Car Watchdog

Use the car watchdog to help debug the VHAL. Car watchdog monitors the health of — and kills — unhealthy processes. For a process to be monitored by the car watchdog, the process must be registered with the car watchdog. When the car watchdog kills unhealthy processes, car watchdog writes the status of the processes to data/anr as with other Application Not Responding (ANR) dumps. Doing so facilities the debugging process.

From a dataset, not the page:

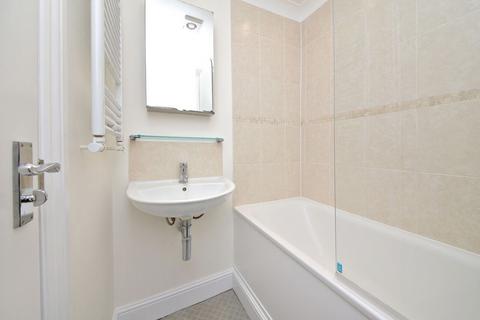 2 bedroom flat to rent, Queensway, Bayswater W2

This article describes how vendor HALs and services can register a process with the car watchdog.

Vendor HAL

Typically, the vendor HAL uses a thread pool for hwbinder. However, the car watchdog client communicates with the car watchdog daemon through binder, which differs from hwbinder. Therefore, another thread pool for binder is in use.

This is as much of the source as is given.